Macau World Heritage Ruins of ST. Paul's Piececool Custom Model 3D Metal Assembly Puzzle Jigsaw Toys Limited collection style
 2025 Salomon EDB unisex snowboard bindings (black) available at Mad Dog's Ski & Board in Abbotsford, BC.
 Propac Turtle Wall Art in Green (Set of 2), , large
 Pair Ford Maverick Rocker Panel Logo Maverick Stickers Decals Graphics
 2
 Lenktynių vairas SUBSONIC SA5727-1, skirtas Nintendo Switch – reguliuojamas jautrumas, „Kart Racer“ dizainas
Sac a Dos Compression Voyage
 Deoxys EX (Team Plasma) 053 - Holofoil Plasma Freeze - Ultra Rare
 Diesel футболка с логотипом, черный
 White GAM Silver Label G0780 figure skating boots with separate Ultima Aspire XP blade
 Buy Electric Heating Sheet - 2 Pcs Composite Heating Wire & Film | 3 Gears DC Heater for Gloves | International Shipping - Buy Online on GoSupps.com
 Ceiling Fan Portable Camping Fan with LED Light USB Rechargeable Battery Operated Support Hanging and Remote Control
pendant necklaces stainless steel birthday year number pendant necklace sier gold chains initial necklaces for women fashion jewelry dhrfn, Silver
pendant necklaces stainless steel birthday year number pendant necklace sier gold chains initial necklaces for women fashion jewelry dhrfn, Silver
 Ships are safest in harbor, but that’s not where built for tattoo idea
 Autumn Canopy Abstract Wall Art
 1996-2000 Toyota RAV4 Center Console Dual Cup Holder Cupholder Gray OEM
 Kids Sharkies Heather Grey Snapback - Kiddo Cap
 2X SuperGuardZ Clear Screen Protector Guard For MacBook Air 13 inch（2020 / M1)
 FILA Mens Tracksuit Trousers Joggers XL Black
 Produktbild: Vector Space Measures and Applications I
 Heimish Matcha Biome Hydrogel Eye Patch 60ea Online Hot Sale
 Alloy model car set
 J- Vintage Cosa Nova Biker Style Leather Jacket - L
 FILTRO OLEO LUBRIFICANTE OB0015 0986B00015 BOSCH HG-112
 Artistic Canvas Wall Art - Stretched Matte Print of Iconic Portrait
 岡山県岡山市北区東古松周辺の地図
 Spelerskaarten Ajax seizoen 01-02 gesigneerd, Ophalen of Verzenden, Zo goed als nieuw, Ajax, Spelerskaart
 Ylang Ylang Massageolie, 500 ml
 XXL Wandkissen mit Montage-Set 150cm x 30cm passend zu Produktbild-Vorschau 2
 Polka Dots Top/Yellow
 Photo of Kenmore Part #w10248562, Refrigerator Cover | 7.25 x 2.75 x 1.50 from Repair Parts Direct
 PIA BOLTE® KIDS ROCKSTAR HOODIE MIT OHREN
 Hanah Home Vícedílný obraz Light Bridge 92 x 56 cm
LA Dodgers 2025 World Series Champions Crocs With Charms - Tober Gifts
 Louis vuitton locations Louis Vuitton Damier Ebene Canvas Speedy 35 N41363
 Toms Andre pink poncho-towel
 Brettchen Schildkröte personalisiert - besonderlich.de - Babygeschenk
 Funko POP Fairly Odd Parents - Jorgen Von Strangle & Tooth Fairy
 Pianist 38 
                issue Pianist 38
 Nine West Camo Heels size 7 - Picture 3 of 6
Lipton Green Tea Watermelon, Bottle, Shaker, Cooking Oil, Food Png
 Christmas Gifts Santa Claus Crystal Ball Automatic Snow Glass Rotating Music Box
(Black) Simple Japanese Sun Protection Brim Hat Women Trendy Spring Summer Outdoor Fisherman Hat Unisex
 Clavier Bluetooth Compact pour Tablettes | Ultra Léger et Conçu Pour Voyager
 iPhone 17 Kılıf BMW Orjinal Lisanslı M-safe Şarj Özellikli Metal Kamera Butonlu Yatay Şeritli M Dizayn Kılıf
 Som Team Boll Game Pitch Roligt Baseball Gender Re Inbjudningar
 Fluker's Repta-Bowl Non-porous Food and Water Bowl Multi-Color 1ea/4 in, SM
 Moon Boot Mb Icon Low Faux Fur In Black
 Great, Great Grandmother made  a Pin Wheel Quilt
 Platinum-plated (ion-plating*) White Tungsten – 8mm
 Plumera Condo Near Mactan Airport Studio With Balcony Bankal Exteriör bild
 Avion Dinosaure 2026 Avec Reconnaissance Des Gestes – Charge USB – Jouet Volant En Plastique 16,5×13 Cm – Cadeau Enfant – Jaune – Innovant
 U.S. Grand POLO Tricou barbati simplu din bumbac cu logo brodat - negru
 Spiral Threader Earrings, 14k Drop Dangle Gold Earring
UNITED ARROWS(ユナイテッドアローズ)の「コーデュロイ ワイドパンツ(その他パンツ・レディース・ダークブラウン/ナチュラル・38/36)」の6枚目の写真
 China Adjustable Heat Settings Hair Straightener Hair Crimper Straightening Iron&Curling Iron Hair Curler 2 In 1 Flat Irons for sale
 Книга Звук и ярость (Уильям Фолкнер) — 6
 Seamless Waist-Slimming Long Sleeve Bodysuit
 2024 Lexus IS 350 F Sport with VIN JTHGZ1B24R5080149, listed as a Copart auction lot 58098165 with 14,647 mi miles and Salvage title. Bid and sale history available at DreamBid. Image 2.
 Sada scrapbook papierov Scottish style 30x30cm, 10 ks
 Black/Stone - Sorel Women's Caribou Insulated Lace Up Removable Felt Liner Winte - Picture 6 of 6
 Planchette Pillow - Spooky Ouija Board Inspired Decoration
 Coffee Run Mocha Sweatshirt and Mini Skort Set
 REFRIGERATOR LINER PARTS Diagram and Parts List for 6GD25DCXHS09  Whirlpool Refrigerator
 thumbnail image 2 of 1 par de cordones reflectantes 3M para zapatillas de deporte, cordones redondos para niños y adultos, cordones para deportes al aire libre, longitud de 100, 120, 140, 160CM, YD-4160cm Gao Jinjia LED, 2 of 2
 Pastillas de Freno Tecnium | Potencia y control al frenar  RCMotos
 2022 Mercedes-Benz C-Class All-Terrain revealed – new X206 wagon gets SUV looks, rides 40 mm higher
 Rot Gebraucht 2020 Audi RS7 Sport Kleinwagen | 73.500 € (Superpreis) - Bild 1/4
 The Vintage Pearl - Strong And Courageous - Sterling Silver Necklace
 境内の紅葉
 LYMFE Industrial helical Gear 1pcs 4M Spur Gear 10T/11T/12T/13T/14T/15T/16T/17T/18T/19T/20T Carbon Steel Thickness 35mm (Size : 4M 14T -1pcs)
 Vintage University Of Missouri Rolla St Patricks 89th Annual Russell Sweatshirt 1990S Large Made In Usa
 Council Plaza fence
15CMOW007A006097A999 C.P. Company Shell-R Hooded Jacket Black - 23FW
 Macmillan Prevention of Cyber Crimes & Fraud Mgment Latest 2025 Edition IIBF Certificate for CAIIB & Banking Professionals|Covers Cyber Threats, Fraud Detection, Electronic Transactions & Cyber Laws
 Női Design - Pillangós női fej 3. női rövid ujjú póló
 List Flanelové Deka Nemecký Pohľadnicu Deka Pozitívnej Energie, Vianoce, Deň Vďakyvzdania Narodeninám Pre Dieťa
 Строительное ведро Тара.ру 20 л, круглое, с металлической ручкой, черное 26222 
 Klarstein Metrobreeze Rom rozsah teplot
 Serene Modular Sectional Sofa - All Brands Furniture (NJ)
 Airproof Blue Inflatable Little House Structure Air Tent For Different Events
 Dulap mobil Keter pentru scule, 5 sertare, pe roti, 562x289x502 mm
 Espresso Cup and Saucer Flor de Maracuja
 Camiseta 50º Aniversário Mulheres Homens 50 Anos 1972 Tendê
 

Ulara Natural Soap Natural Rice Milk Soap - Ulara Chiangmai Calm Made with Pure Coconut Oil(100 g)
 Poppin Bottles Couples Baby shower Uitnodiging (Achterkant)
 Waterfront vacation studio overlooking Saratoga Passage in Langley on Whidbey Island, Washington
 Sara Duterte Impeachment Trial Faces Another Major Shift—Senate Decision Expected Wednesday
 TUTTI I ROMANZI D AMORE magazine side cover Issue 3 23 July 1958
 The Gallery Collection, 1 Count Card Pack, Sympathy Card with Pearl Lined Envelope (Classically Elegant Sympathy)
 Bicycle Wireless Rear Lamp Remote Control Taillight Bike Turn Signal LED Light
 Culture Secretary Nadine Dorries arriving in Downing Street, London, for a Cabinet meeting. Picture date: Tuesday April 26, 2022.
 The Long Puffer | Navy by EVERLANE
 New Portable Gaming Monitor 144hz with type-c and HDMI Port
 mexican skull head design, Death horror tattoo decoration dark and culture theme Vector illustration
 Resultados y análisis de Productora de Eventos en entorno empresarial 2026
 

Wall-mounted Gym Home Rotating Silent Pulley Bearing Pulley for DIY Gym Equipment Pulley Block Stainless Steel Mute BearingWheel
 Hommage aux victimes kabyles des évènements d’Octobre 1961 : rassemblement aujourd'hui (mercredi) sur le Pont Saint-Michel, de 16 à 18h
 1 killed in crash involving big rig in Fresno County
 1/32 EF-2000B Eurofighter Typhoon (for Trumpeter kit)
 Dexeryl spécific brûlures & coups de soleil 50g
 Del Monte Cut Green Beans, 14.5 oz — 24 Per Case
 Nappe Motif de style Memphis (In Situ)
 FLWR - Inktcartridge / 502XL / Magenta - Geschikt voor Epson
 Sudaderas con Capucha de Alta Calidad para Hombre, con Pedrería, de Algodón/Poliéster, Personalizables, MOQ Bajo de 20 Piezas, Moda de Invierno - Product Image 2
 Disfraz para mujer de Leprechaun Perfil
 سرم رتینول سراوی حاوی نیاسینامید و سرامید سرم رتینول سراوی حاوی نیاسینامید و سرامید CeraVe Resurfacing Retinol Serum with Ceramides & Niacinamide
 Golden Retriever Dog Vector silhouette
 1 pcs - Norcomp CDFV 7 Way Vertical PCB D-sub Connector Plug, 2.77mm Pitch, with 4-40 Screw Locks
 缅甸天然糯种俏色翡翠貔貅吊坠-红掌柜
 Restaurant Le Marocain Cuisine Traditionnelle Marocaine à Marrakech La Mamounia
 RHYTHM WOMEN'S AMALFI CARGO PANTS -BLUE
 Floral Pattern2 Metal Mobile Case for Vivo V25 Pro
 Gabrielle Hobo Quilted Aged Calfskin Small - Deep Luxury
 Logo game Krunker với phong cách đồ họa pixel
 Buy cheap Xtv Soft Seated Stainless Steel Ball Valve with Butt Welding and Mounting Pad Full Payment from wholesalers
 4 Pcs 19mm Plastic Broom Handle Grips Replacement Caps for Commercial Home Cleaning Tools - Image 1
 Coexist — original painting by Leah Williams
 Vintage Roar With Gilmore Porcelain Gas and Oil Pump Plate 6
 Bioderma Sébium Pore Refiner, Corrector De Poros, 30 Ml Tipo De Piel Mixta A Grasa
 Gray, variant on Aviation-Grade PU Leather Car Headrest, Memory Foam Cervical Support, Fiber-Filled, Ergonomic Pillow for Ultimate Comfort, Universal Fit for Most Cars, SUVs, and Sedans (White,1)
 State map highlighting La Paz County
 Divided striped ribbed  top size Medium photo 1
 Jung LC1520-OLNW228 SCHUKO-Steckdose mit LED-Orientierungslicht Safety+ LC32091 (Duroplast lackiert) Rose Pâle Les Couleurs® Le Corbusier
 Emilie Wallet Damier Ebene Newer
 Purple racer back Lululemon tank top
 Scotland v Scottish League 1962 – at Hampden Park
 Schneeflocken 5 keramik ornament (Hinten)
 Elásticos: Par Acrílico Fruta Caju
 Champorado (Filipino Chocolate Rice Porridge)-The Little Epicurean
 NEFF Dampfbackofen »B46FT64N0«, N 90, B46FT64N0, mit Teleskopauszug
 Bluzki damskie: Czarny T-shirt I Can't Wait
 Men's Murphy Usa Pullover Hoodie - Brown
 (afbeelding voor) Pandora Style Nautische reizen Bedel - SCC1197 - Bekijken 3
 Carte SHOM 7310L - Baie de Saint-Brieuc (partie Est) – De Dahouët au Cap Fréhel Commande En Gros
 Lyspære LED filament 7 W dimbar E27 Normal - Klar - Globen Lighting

### Task brief
Everything starting at the line containing "Női Design - Pillangós" and ending at the line containing "Camiseta 50º Aniversário" in the records above should be repeated exactly, and only that.

### Your solution
 Női Design - Pillangós női fej 3. női rövid ujjú póló
 List Flanelové Deka Nemecký Pohľadnicu Deka Pozitívnej Energie, Vianoce, Deň Vďakyvzdania Narodeninám Pre Dieťa
 Строительное ведро Тара.ру 20 л, круглое, с металлической ручкой, черное 26222 
 Klarstein Metrobreeze Rom rozsah teplot
 Serene Modular Sectional Sofa - All Brands Furniture (NJ)
 Airproof Blue Inflatable Little House Structure Air Tent For Different Events
 Dulap mobil Keter pentru scule, 5 sertare, pe roti, 562x289x502 mm
 Espresso Cup and Saucer Flor de Maracuja
 Camiseta 50º Aniversário Mulheres Homens 50 Anos 1972 Tendê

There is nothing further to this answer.